3.2 When the accident occurs
- Keep calm and avoid panic; to the extent possible, help family and neighbours who are in difficulty.
- Follow the captain's (or driver's) orders and those of the crew.
- Keep identity papers and important personal documents (medical and vaccination certificates and details of blood type) and any personal medicines with you.
- As soon as the crash or shipwreck occurs, try to free yourself from the cabin and to escape quickly from the wreckage, especially if there is a danger of fire or dangerous leaks. Seek refuge at a sufficient distance.

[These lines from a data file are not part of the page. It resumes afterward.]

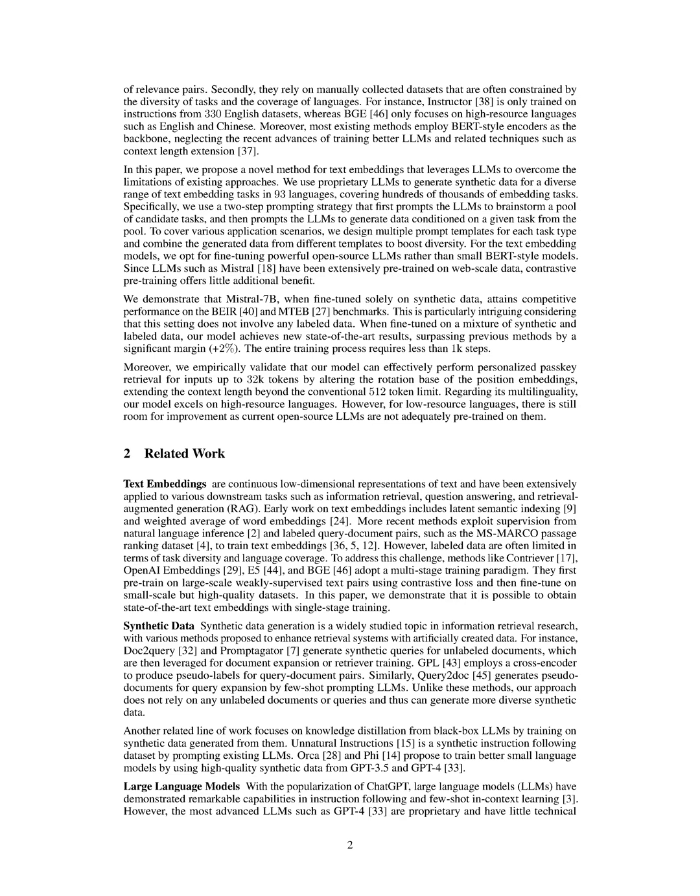Text embeddings are vector representations of natural language that encode semantic information and are widely used in various NLP tasks. Existing methods for generating text embeddings have limitations in capturing contextual information and rely on manually collected datasets. In this paper, we propose a novel method that leverages large language models to generate synthetic data for diverse text embedding tasks in multiple languages, achieving state-of-the-art results and extending the context length beyond conventional limits.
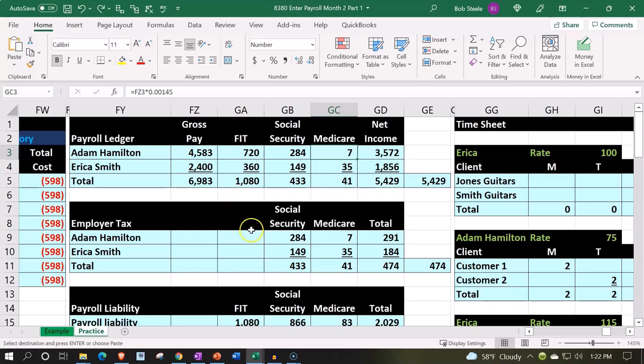When you get down to the employer taxes, you have a Federal Unemployment Tax Act (FUTA) tax. That one has a very low cap, which basically everybody hits. So that means the first quarter payroll is typically going to be way different than the second, at least with regards to that tax. And that is a little confusing oftentimes.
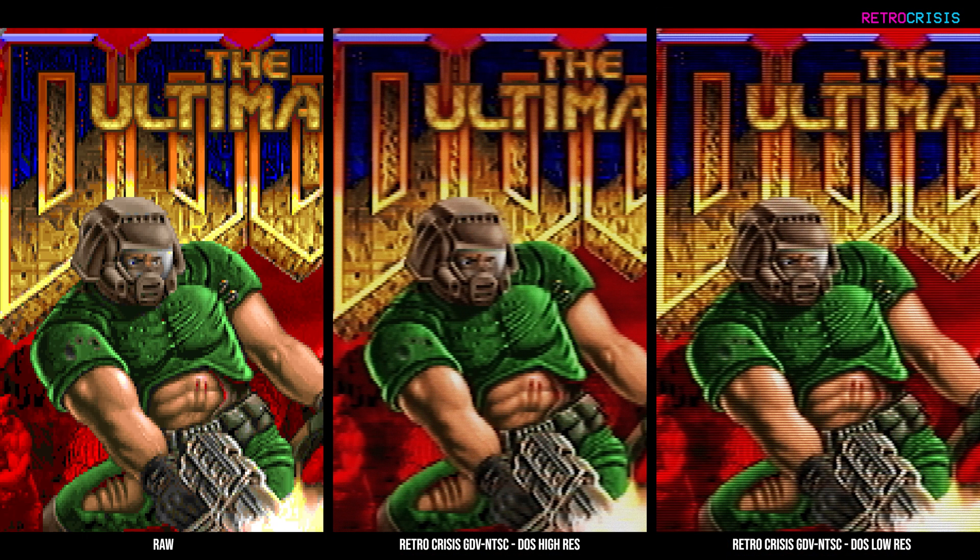The third and fourth presets are the same as the first two, but more focused on blending the dither patterns that DOS games are so well known for, so hopefully that should be enough to cover most bases for now.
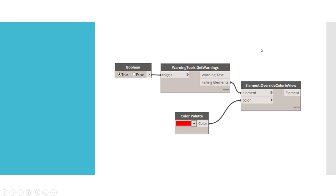This is essentially the script itself. We have a boolean that ties into a warnings tool - get warning. So all this is doing is getting the warnings and the element IDs, getting those elements out of there.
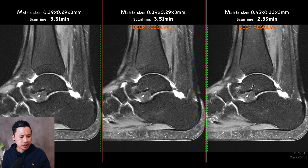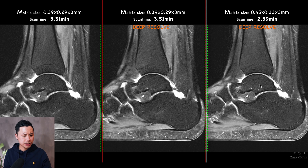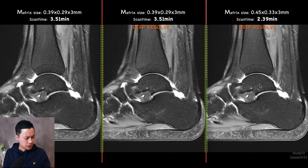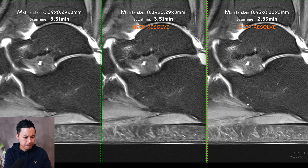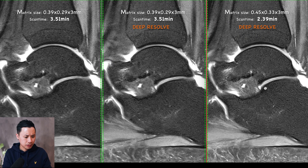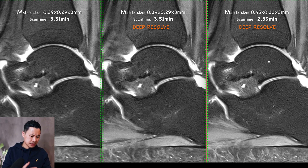The last one has a slightly lower resolution as you can see — the voxel sizes are a little bit bigger — but the scan time is lower of course. So these two: 3 minutes 51 versus 2 minutes 39. Let's check the images. For me, it seems that this shorter scan time with DeepResult, with the settings we're using here, looks sharp.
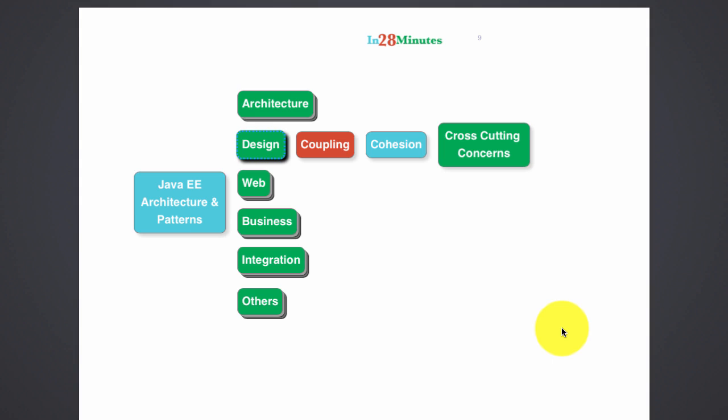However, there are certain things which are related to all the layers. There are things like authentication, logging, which are actually functionalities which would concern all the layers. These kind of functionalities are called cross-cutting concerns.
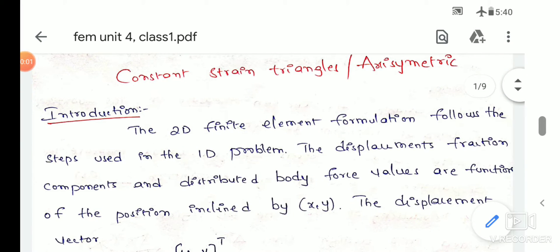Hi students, in this video we will discuss the finite element method in the 4th unit — CST problems. We will discuss the concept of these topics.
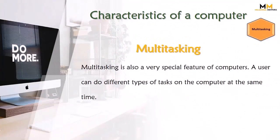Multitasking is also a very special feature of computers. A user can do different types of tasks on the computer at the same time. For instance, we can use Microsoft Word for writing an article, while also listening to songs and getting printouts — all at the same time. We can do a lot of work simultaneously.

- If possible,activate the rescue process by alerting the local security or specialist services (special telephone networks and numbers).
- In case of a major accident occurring in a road with traffic, direct the traffic whilst taking care of your own safety (signal and mark the accident spot).
- Do not touch or move the seriously wounded unless there is a risk of fire or toxic fumes.
- It is the duty of witnesses to alert the rescue services and to give them the exact location and nature of the accident, the type of vehicle involved, the characteristics (code number) of any dangerous substances and the likely number of victims. Witnesses should also give their names and addresses.
3.3 After the accident
- Keep calm and avoid panic.
- Follow the instructions of the intervening bodies and of the rescue personnel.
- If possible, and if necessary, collaborate with the rescuers and with the judicial authorities and experts in charge of the investigation.